* _WHAT TO PRODUCE_: Could you set down exactly the lines of the data below, starting at the one that holds "Oakley Standard Issue" and ending at the one that holds "Is Canon 200D Mark II waterproof?", both included, and only those?

* _SOURCE INFORMATION_:
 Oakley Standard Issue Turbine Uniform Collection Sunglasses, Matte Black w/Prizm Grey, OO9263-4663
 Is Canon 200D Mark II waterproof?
--
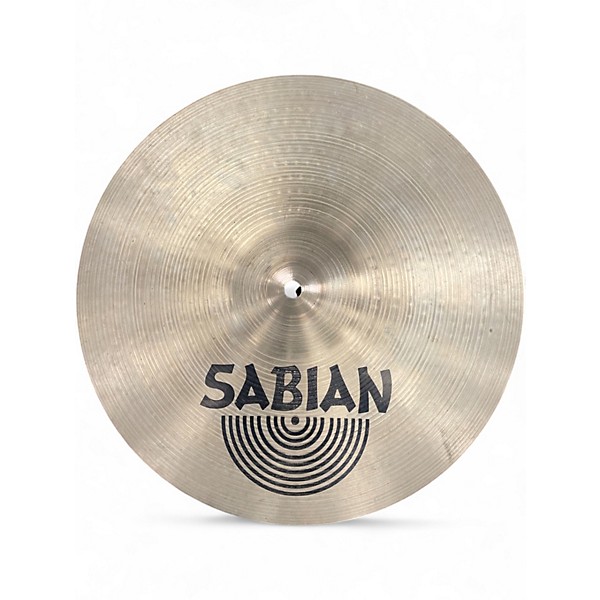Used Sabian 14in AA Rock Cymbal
* * *
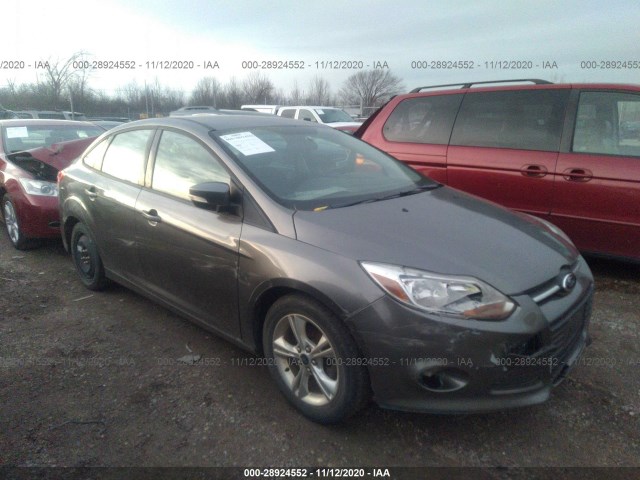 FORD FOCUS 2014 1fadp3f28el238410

* _RESPONSE AREA_:
 Oakley Standard Issue Turbine Uniform Collection Sunglasses, Matte Black w/Prizm Grey, OO9263-4663
 Is Canon 200D Mark II waterproof?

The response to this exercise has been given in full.